A "Cintra de S. Miguel" - onde "aos Domingos os empregados públicos e comerciantes vão passar um agradável dia, e estrangeiro algum deixa de visitar" (4) -, não possuía estações arqueológicas, palácios reais, igrejas medievais ou quintas renascentistas. A sensibilidade apaixonada por este vale consome-se exclusivamente na "profusão imensa das variadas paisagens" que o tornam "pitoresco e romântico" (5)
É desta aliança entre o "aprazível" e o "assombroso", de contraste e variabilidade de "scenas amenas e grandiosas" (6), que nasce o sentimento do pitoresco, aqui sem evocações românticas do passado, sem idealizações arquitectónicas de gosto revivalista e sem a promoção de restauro de monumentos. As operações que tornam o vale das Furnas no "teatro das mais recentes revoluções", são a resultante colectiva de um olhar embevecido sobre a natureza. Neste sentido, muito mais do que a Sintra, são aos lagos e montanhas da Suíça que se vão buscar imagens homólogas. "O Vale, à primeira vista, parece estranhamente familiar pela sua parecença com muitos vales Suíços", comentava o professor Wyville Thomson, manifestando uma opinião muito difundida. Um certo "ar de família" com as paisagens alpestres, a que se alia "a riqueza da flora tropical", servirá de referência e suporte ao programa construtivo implementado no vale.

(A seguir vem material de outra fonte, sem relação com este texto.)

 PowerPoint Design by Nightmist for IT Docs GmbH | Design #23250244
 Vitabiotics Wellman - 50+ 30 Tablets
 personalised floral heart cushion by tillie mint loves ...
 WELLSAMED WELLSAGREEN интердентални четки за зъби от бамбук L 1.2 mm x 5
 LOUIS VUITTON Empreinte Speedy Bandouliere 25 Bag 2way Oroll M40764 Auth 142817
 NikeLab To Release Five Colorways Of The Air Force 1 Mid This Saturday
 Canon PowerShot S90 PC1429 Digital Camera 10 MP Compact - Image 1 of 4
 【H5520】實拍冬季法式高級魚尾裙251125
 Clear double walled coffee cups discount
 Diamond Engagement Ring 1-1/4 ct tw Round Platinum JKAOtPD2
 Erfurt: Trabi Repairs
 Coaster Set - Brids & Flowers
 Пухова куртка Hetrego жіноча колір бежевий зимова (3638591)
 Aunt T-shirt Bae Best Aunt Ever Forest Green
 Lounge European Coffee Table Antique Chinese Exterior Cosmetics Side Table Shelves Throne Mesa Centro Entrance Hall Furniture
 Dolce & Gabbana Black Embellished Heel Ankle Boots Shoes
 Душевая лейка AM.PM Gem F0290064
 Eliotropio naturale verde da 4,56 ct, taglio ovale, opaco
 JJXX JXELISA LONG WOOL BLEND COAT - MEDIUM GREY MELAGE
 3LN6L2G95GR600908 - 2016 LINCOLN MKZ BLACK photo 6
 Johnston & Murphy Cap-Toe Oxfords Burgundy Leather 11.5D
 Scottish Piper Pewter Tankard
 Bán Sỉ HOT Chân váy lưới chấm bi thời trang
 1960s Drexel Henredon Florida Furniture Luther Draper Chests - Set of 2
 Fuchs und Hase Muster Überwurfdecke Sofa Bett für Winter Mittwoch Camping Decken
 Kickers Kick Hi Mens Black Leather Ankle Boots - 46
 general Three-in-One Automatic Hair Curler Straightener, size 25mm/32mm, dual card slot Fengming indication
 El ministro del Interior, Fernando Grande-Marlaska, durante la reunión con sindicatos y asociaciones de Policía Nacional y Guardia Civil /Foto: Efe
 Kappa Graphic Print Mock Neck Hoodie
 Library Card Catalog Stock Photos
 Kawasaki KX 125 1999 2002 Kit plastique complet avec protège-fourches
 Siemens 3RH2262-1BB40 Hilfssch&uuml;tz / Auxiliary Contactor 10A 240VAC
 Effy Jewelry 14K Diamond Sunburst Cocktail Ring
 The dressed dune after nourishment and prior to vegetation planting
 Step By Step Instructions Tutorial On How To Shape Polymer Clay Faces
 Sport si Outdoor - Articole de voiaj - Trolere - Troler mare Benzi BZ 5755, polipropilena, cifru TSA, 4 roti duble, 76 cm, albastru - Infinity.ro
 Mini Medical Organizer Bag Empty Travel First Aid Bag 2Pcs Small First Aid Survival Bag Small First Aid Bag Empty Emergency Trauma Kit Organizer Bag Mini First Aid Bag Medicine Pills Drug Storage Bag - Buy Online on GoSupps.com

Foi em atenção às possibilidades pitorescas do vale, que Thomas Hickling havia construído, em finais de Setembro, o seu Tanque. Foi por causa dessse pitoresco, que alguns altos dignatários da corte se dirigiram ao vale para aí estanciarem na "estação calmosa", e que outros os imitaram, fazendo das Furnas a principal estância de veraneio dos Açores. "Vive-se um clima de progresso!", afirmava com entusiasmo Thomas Hickling Jr., em 1848, acrescentando com optimismo que "as Furnas fervilham de veraneantes e estão destinadas a serem uma estância importante para estrangeiros"(7)"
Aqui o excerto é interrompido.